One-at-a-time user migration – forgot password
You might have thought we were done with the one-at-a-time migration. For a robust migration, you also need to consider users who have forgotten their passwords and clicked a link or button to start the ForgotPassword flow. These might be users who need to migrate, but these users cannot complete the migration flow because they cannot sign in or be verified with the existing user directory. The diagram below illustrates the steps for handling a forgotten password flow for migration:
When users have forgotten their passwords, do not try to migrate their existing passwords to the user pool. Instead, migrate other attributes in their user profile first. So before calling ForgotPassword() for the user pool, call a backend microservice to attempt to migrate the user profile. Then return to the app to initiate the ForgotPassword flow. These users need to reset their passwords, so they need to have a verified email address or phone number migrated from the existing user directory. There is sample code for this flow at the bottom of this post.

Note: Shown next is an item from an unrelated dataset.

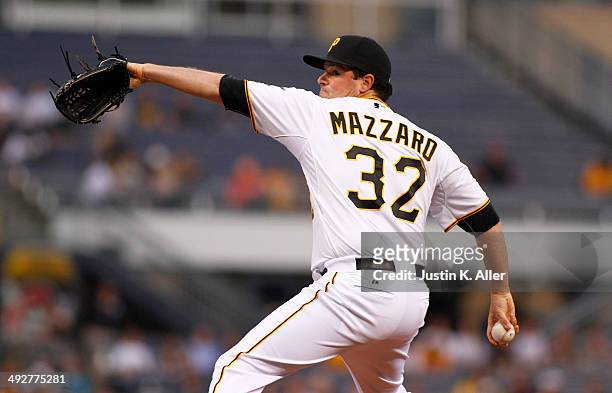 Vin Mazzaro of the Pittsburgh Pirates pitches in the second inning against the Baltimore Orioles during interleague play at PNC Park May 21, 2014 in...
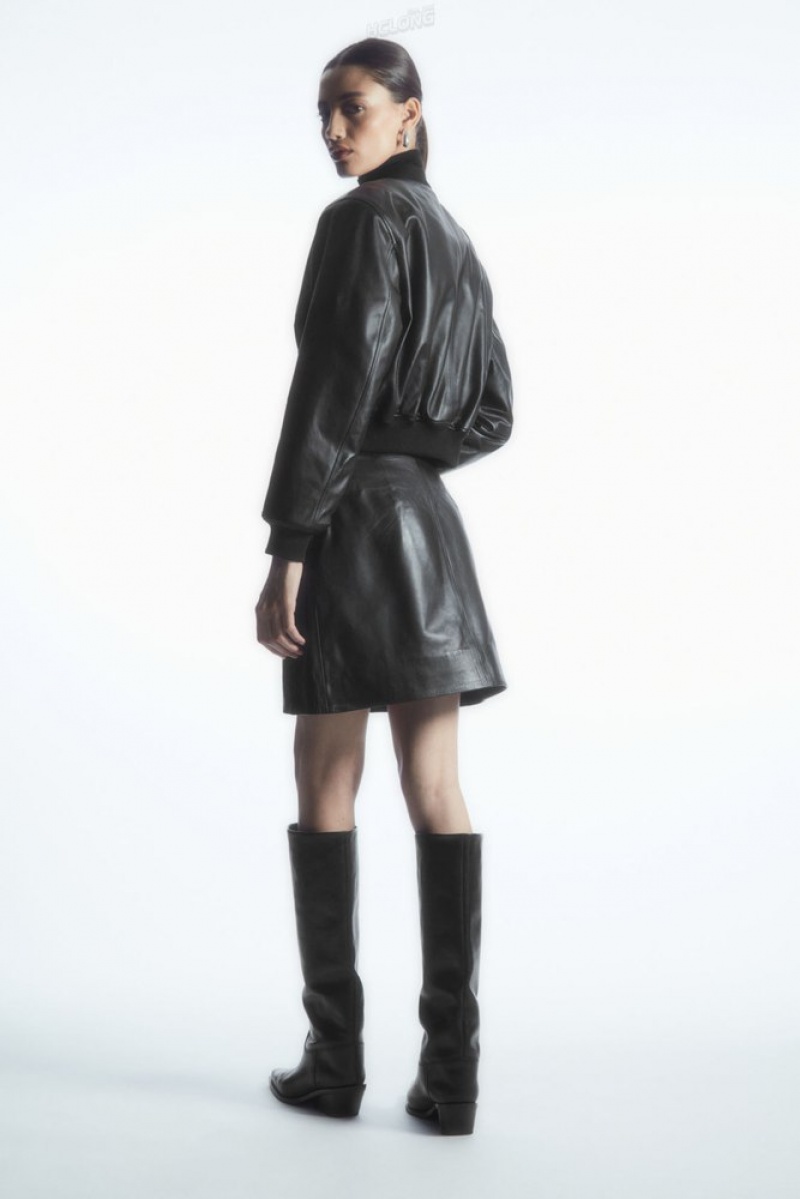 Black COS AppliquéD Leather Mini Skirt | JI47-Z3LQ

Summary and best practices
In this article, we described the two basic approaches for migrating users into an Amazon Cognito User Pool. The batch method is easier to implement, but it does not preserve user passwords like the one-at-a-time migration does. You can decide what’s best for you. The one-at-a-time user migration is a best practice. The one-at-a-time migration is transparent to users and avoids the potential drop off of users that can occur when users need to reset their passwords. We hope with these explanations and code samples, you can set up either approach quickly.